::: RECORDS
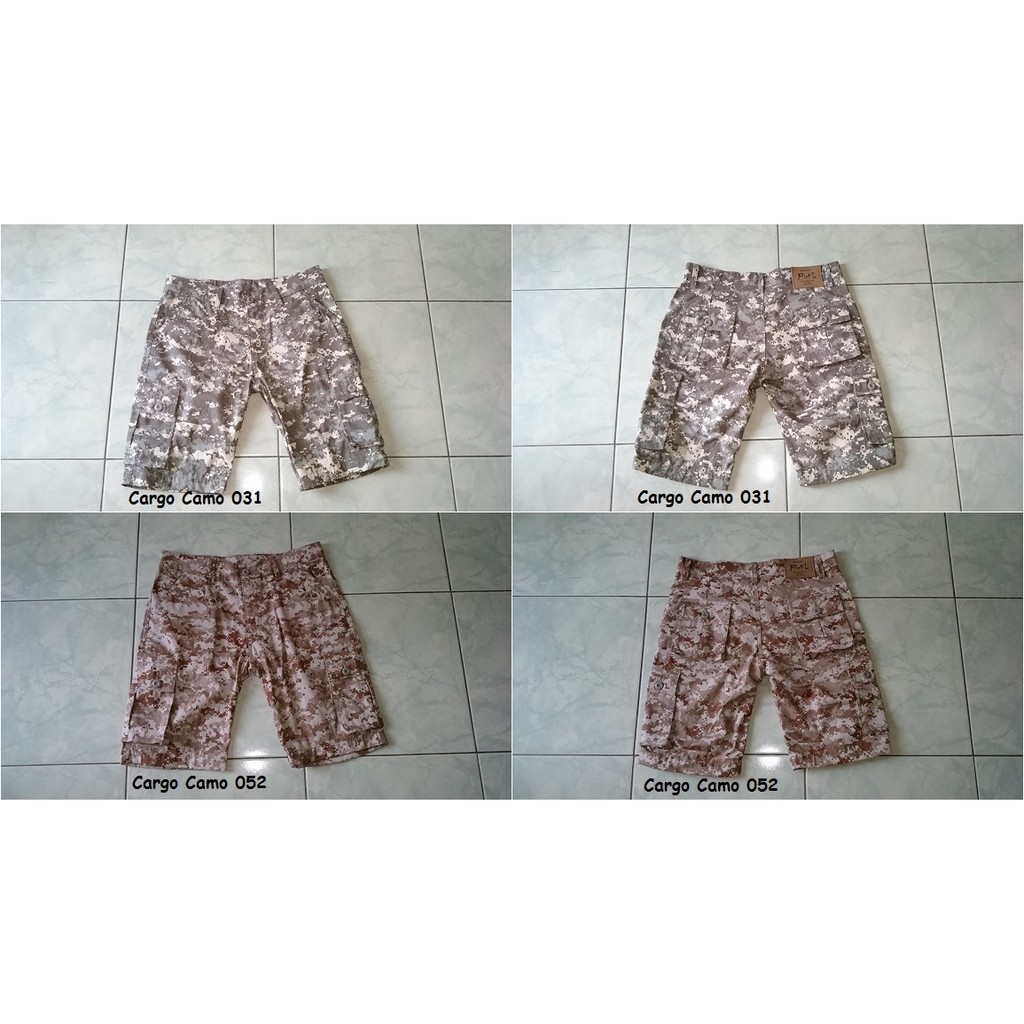 Celana Cargo Camo Loreng Pendek Pria Pants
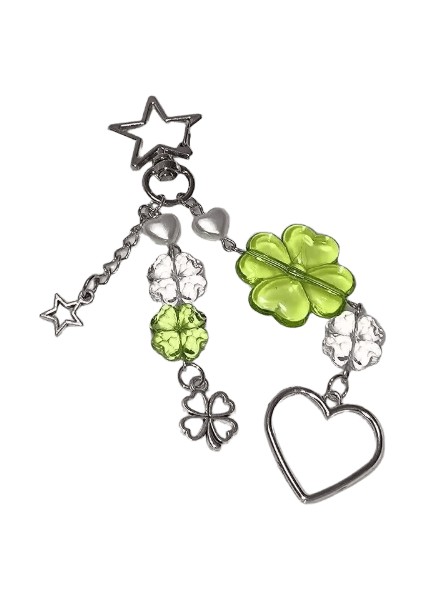 Y2K Şanslı Dört Yaprak Yonca Kalp Anahtarlık Yeşil Yaprak Yıldız Anahtarlık Kılıfları Telefon Kamera Için Kore Sevimli Boncuklu Çift Anahtarlık (Yurt Dışından)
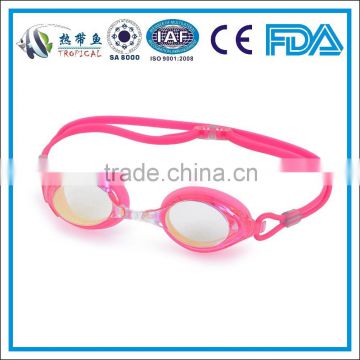 High quality silicone competition baby mirror coating swimming goggle,competition swimming goggles,racing goggles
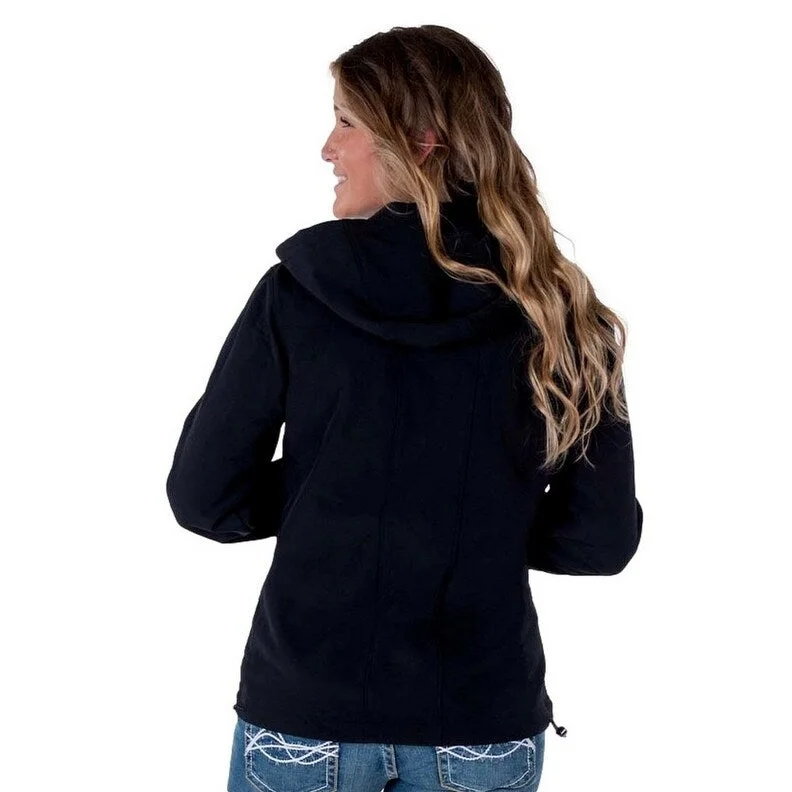 Cowgirl Tuff Western Jacket Womens Stretch Hood Zip Black H00731College Jackets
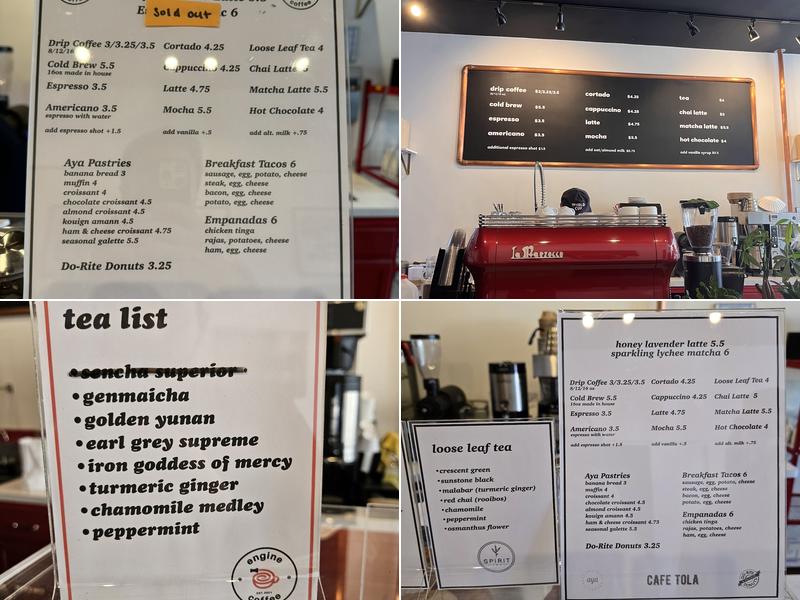 Engine Coffee Menu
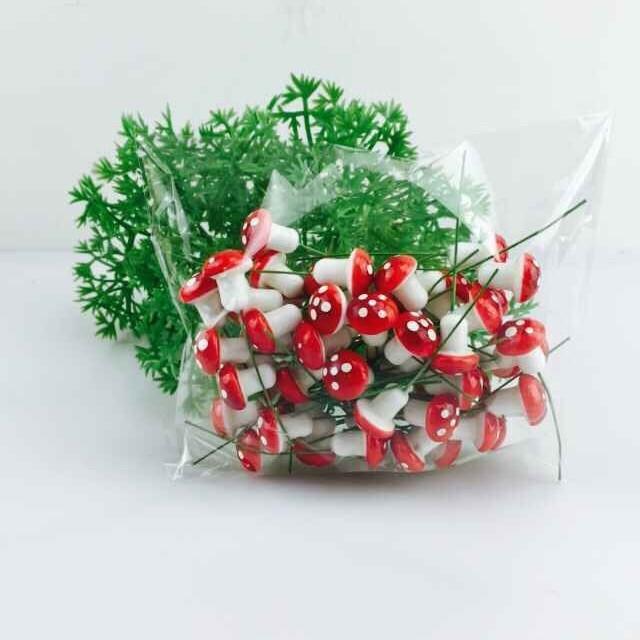 60 Imitation Plants, A Package of Colorful Small Mushrooms, Special Price Foam Mushroom Micro Landscape Potted Accessories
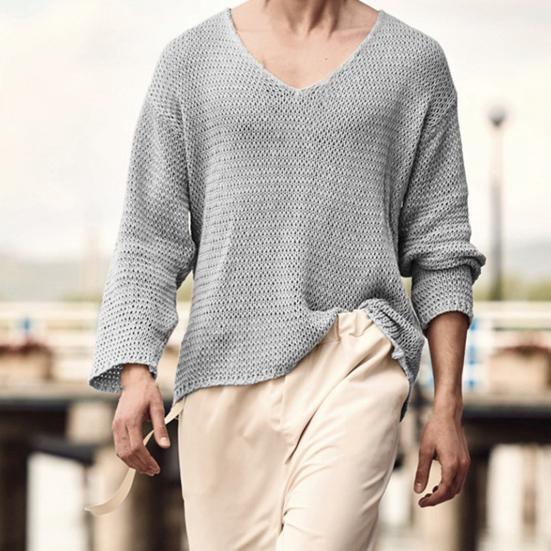 Men Sweater V Neck Easy To Match Breathable Elastic Comfortable Knit Long Sleeves Loose Pullover Fall Sweater Men Clothes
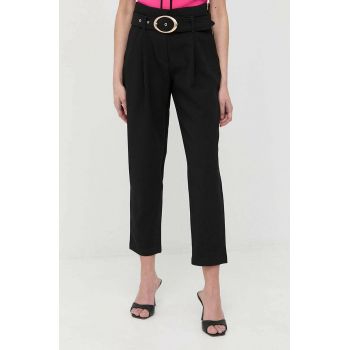 Morgan pantaloni femei, culoarea negru, drept, high waist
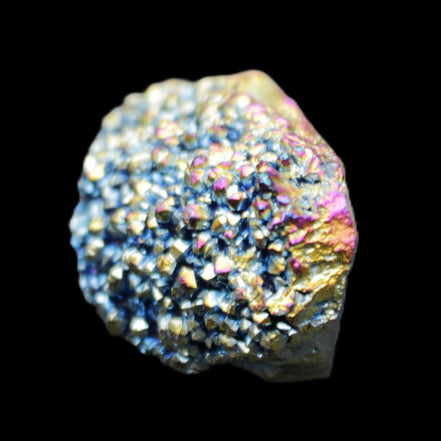 Aura electroplated Quartz cluster 38-45mm 24-28g in sunlight - Rocks and Things Store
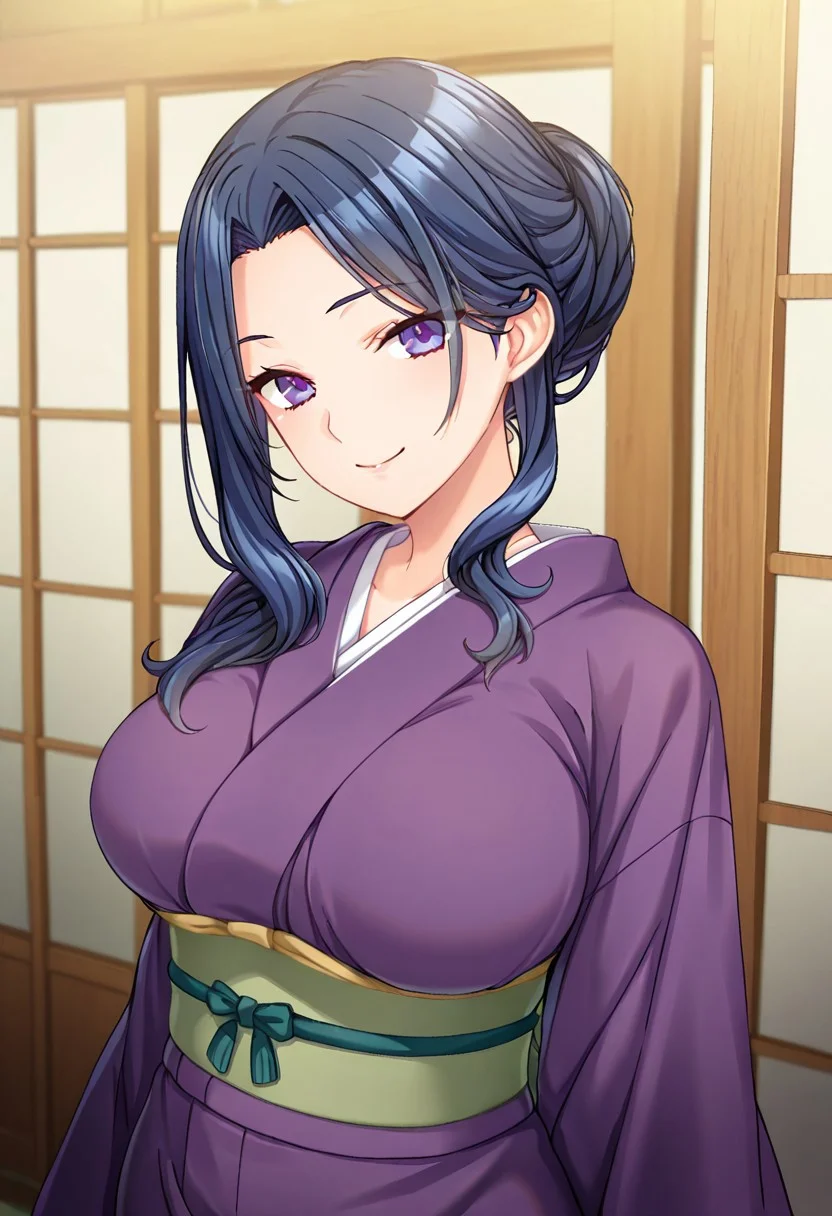 FujiMari, dark blue hair, long wavy hair, purple eyes, smile, standing, purple kimono, green obi, half updo, japanese inn,
BREAK
(absurdres, best quality, masterpiece:1.4), amazing quality, highres, newest, detailed, detailed body, detailed face,  beautiful, looking at viewer, 1girl, solo,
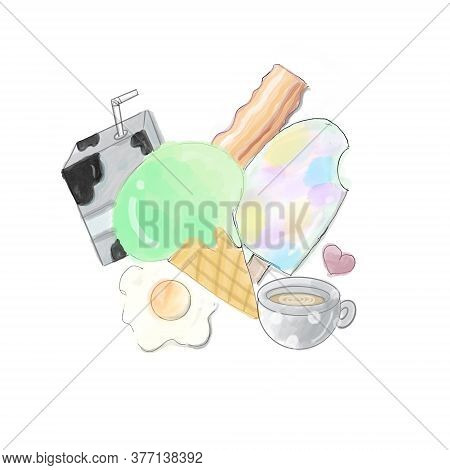 Illustration Drawing Of Breakfast Food Collection Style With Fried Eggs,milk, Ice Cream And Coffee B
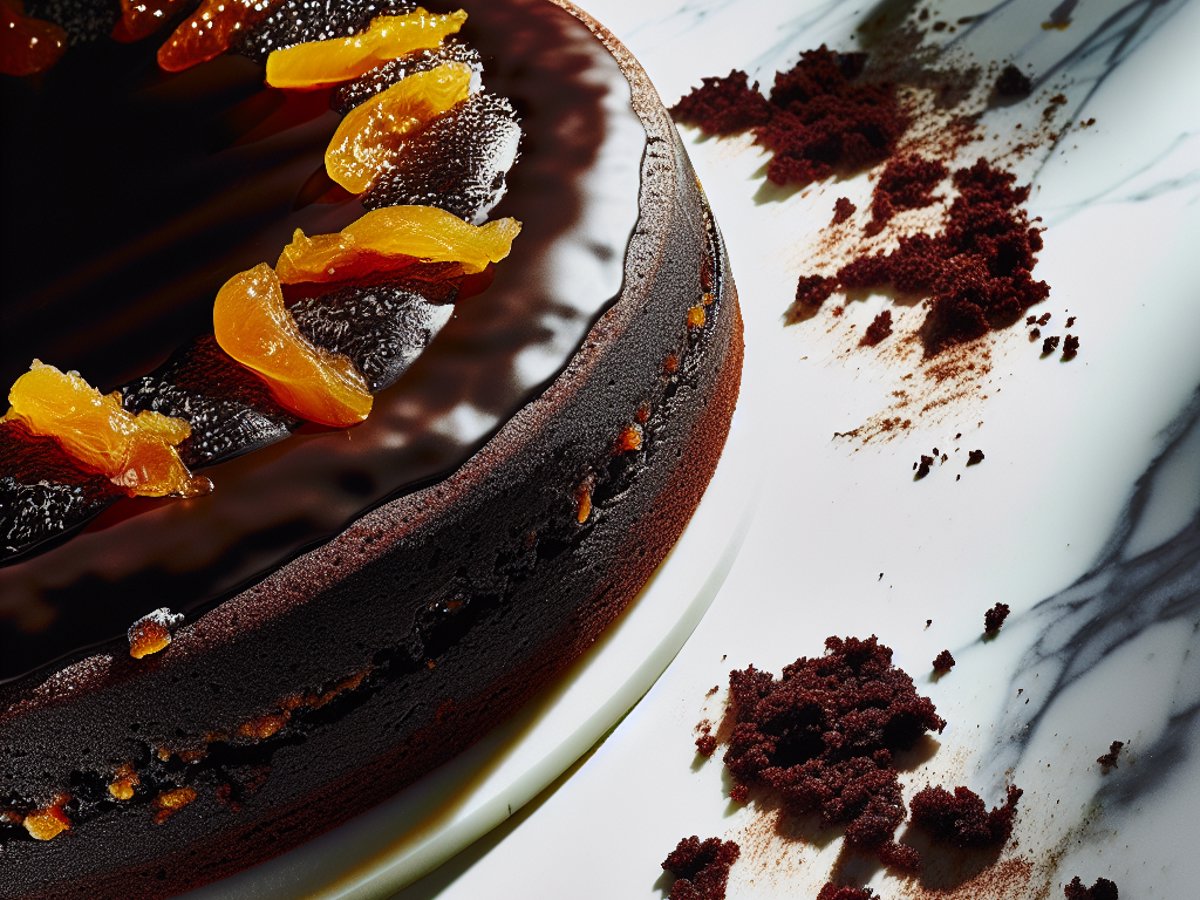 Original Wiener Sachertorte - Ganzer Kuchen auf eleganter Kuchenplatte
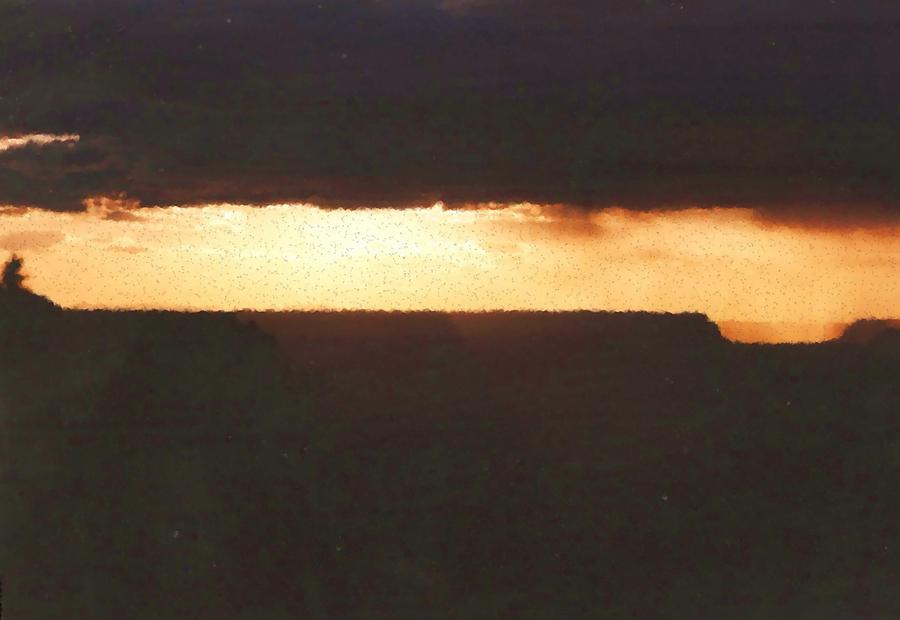 Canyon Edge Sunset Painting Digital Art by Asbjorn Lonvig
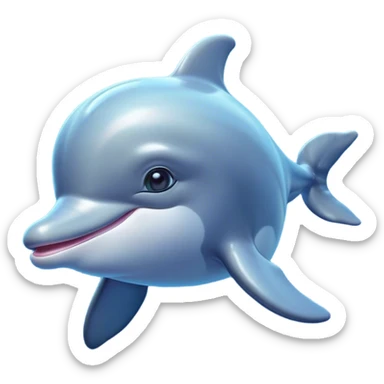 Cinematic Cute Bottlenose Dolphin Portrait Emoji, Head tilted playfully and inquisitively, featuring a charming, shiny glossy body with smooth, gleaming skin and round, sparkling eyes full of playful wonder, Simplified yet irresistibly adorable features, highly detailed, glowing with a warm, inviting aquatic glow, high shine, affectionate and lively, stylized with a touch of whimsical marine charm, soft glowing outline, capturing the essence of a mischievous yet endearing dolphin that seems as if it could splash out of the screen into your arms! sticker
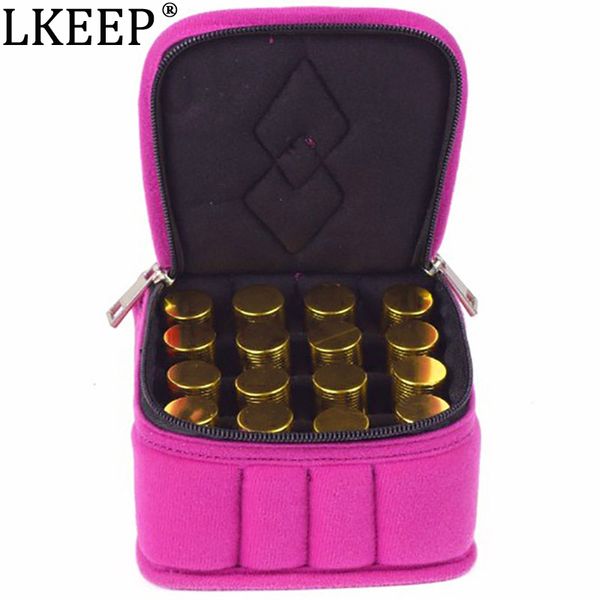 

portable 16 bottles essential oil carrying shockproof case cosmetic bag 15ml oil holder travel storage box nail polish organizer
::::::
→ **TASK ITEM**
Out of the records above, please copy exactly the lines from the line with "Morgan pantaloni femei, culoarea" up to and including the line with "Original Wiener Sachertorte", minus the pictures.

→ **RESPONSE AREA**
 Morgan pantaloni femei, culoarea negru, drept, high waist
 Aura electroplated Quartz cluster 38-45mm 24-28g in sunlight - Rocks and Things Store
 FujiMari, dark blue hair, long wavy hair, purple eyes, smile, standing, purple kimono, green obi, half updo, japanese inn,
BREAK
(absurdres, best quality, masterpiece:1.4), amazing quality, highres, newest, detailed, detailed body, detailed face,  beautiful, looking at viewer, 1girl, solo,
 Illustration Drawing Of Breakfast Food Collection Style With Fried Eggs,milk, Ice Cream And Coffee B
 Original Wiener Sachertorte - Ganzer Kuchen auf eleganter Kuchenplatte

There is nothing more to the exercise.